> _REQUIRED ACTION_: Leave the pictures out. Retype exactly the lines below from the one containing "用于增材制造的具有光热性能的自修复性聚亚胺复合材料的制备方法" through the one containing "日经指数首次突破70000点，日元在日本央行公布决议后走弱", and no others.

> _RECORDS SHOWN_:

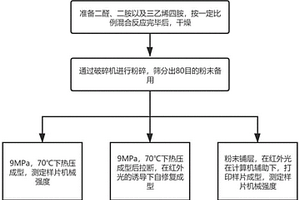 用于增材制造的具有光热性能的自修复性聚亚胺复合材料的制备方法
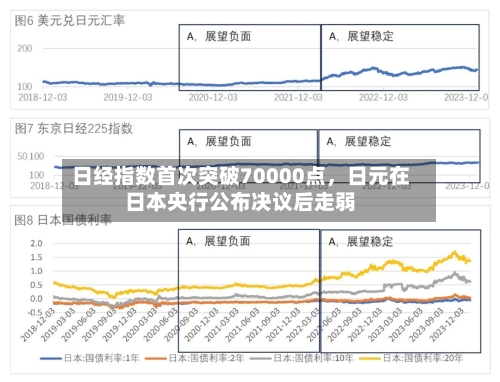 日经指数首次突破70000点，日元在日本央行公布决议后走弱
...
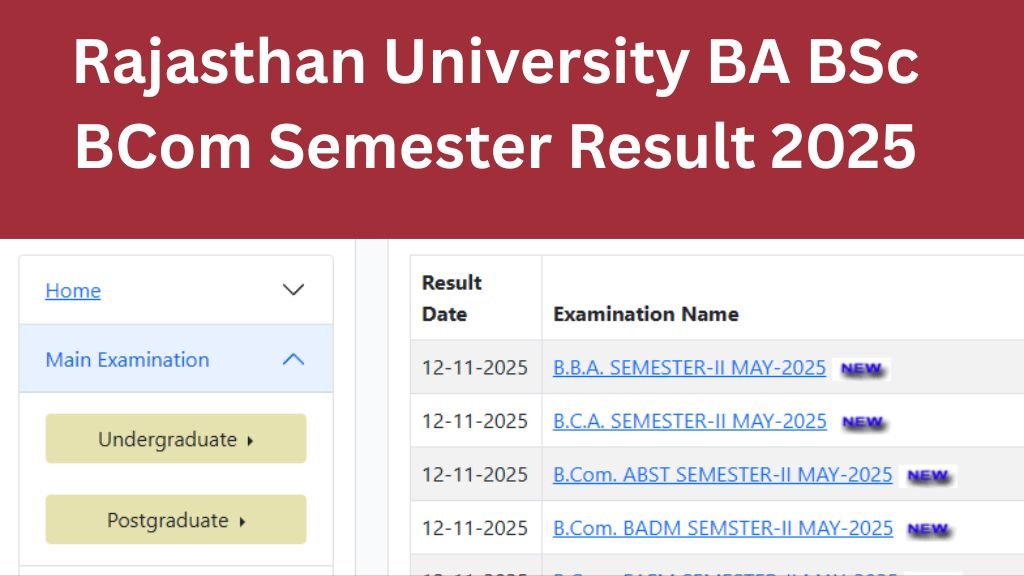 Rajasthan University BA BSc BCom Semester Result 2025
--
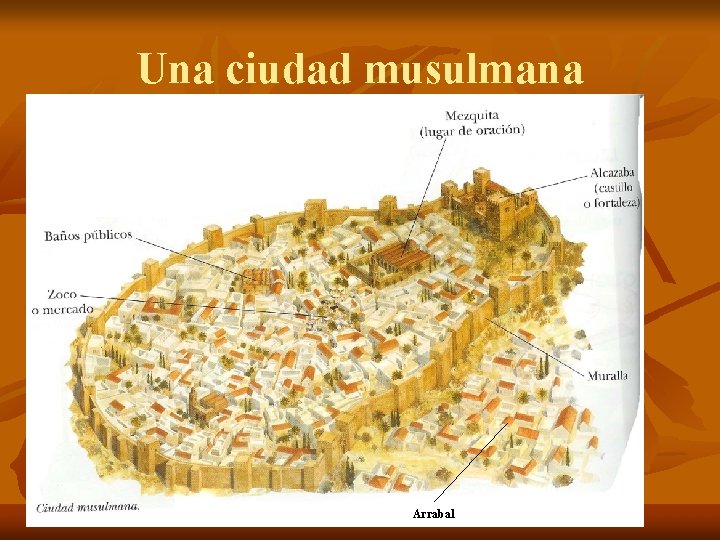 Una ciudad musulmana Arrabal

> _EXPECTED OUTPUT_:
 用于增材制造的具有光热性能的自修复性聚亚胺复合材料的制备方法
 日经指数首次突破70000点，日元在日本央行公布决议后走弱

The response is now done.